Issue while running RDataFrame macro in batch mode


ROOT Version:_ 6.24/02
Platform:Linux/Fedora 34
Compiler:gcc version 11.3.1 20220421


I have written a macro to use power of RDataFrame’s multithreading. I am calling
ROOT::EnableImplicitMT() and ROOT::EnableThreadSafety();.

I want to execute the macro by loading the corresponding shared object file (.so) in two ways (1) at the prompt and (2) using a batch mode

(A) At the ROOT prompt I do:

.L my_macro_cxx.so;
my_macro(1,2);
Elapsed time : 00h:00m:9.10s 
my_macro(1,3);
Elapsed time : 00h:00m:6.94s
my_macro(1,4);
Elapsed time : 00h:00m:7.32s 

This works perfectly. But, in this case I have to wait to execute next command until the first execution is over. This is undesirable and requires that I monitor the execution.

To automate the above process, (2nd method), I have generated an input file (run_macro.txt).
(B) Then execute the following command:

root -l -b -q 'run_macro.txt'

Processing run_macro.txt...

Elapsed time : 00h:00m:8.11s 

Error in <TReentrantRWLock::WriteUnLock>: Write lock already released for 0x2a02698

In this case, I get the error. Why?

[Note added:]
In fact, I observed that I am unable to execute any (including non-RDataFrame) macro as mentioned on the first line of page 27 of this document , at the bash prompt with,

root -l -b my_macro_cxx.so

I checked this on ROOT 6.30/02 also.

What is happening?

try maybe instead:

root -l -b -q my_macro.cxx+(1, 2) && root -l -b -q my_macro.cxx+(1, 3) && root -l -b -q my_macro.cxx+(1, 4)

or even the same with a bash script and a for loop

Hi @ferhue,

Thanks for your reply!

I have already tried that and I know it works.

However, the problem with this method is a considerably increased execution time.

Elapsed time : 00h:00m:19.18s 

i.e. 10 seconds more compared to the first method. What I am after is the faster execution speed.

In the original post, I have sorted only 2% of the data; and I have to execute this command around 50 times!

I need to run the shared library at the command for quicker execution.

Use then:

root -l -b -q my_macro.cxx+(1, 2) my_macro.cxx+(1, 3) my_macro.cxx+(1, 4)

Are you using TThreads?

This error could be because your ROOT version is a bit old. Some bugs have been solved in the meanwhile. Please try with 6.30.04

As I mentioned, I am using RDataFrame; which might be be using TThread internally. But, I am not sure.

You mean ROOT 6.30/02 is also old?

I have used that also version. Please see at the end of my first post of this thread.
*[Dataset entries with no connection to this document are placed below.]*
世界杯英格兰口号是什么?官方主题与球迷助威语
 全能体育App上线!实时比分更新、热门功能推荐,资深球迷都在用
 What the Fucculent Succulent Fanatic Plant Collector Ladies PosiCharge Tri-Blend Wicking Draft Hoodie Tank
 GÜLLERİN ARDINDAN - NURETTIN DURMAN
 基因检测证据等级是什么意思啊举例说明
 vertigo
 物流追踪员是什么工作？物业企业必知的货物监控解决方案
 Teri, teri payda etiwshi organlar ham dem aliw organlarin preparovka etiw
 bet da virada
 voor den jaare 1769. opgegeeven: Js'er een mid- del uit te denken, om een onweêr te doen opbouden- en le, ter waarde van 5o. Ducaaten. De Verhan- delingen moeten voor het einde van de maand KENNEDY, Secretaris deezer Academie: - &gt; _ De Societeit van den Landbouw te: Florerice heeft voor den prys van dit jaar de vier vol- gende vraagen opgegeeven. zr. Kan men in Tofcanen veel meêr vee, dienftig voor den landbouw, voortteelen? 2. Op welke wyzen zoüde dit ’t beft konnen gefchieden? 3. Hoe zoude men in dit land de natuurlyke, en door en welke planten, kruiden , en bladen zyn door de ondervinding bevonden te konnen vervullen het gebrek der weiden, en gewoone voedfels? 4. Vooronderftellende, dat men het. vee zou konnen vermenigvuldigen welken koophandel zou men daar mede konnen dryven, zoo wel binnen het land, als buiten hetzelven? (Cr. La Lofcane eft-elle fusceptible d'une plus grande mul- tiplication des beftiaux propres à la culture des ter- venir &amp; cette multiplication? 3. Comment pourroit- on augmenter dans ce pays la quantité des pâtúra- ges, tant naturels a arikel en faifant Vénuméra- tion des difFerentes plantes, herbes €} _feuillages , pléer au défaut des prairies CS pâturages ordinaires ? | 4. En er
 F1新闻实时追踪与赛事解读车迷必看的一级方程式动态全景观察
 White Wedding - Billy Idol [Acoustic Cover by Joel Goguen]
Oh I see. As said, try using what I mentioned in the last message. Or alternatively in the prompt, all in one line:

.L my_macro_cxx.so;
my_macro(1,2); my_macro(1,3); my_macro(1,4);

If you still see the Write lock error, then we might need a full reproducer to find out what’s going on. If there’s a TThread behind, it is a well-known (long-standing) problem. Data races TThread TTimer TApplication · Issue #8365 · root-project/root · GitHub

This works, but after the first execution it says:
Info in <ACLiC>: unmodified script has already been compiled and loaded
Can this be avoided?

Try maybe:
root -l -b -q my_macro.cxx+(1, 2) my_macro(1, 3) my_macro(1, 4)
or using
root -l -b -q my_macro.cxx+(1, 2) -e 'my_macro(1, 3); my_macro(1, 4);'

1 Like

Dear @ferhue,
Thank you very much for your help!
It works perfectly as expected.
Regards,
Ajay

I still have an issue! When I run these commands on a large data set, I get the following errors

Error in <TString::ReadBuffer>: found case with nwh=255 and nchars=-29116
Error in <TFile::ReadKeys>: reading illegal key, exiting after 0 keys
Info in <TFile::Recover>: tw_e411d344.root, recovered key TH1D:h1 at address 228
Info in <TFile::Recover>: tw_e411d344.root, recovered key TH1D:h2 at address 19720
Info in <TFile::Recover>: tw_e411d344.root, recovered key TH1D:h3 at address 42484
Info in <TFile::Recover>: tw_e411d344.root, recovered key TH1D:h4 at address 59982

I have tried all the methods that you have suggested. But, no luck in this case!

This means that the TFile you originally generated went corrupt. It might be because your hard drive had some issues, or because the TString you wanted to save was very very large and went into overflow, so nchars became negative.
If you share the TFile somewhere, we can further take a look.

I get the error ONLY when I run the code as:
root -l -b -q 'my_macro++(1,2)' -e 'my_macro(1,3)'

However, when I execute the code following way then there is no error
root -l -b -q 'my_macro++(1,2)'; root -l -b -q 'my_macro++(1,3)'

That could mean that you are not ‘closing things’ well in your macro, and in the second execution, there are some issues when reopening the same TFile or something like that. Another potential issue could be that you are running into thread races. Without a minimal reproducer example with script and TFile, it’s hard to give further help.

Ah, how can be that stupid!
As you have guessed correctly, I had forgotten to Close the file at the end of the code.

Now, after adding fop->Close(), I don’t get those errors.

Thank you very much for your help! Much appreciated.

1 Like

This topic was automatically closed 14 days after the last reply. New replies are no longer allowed.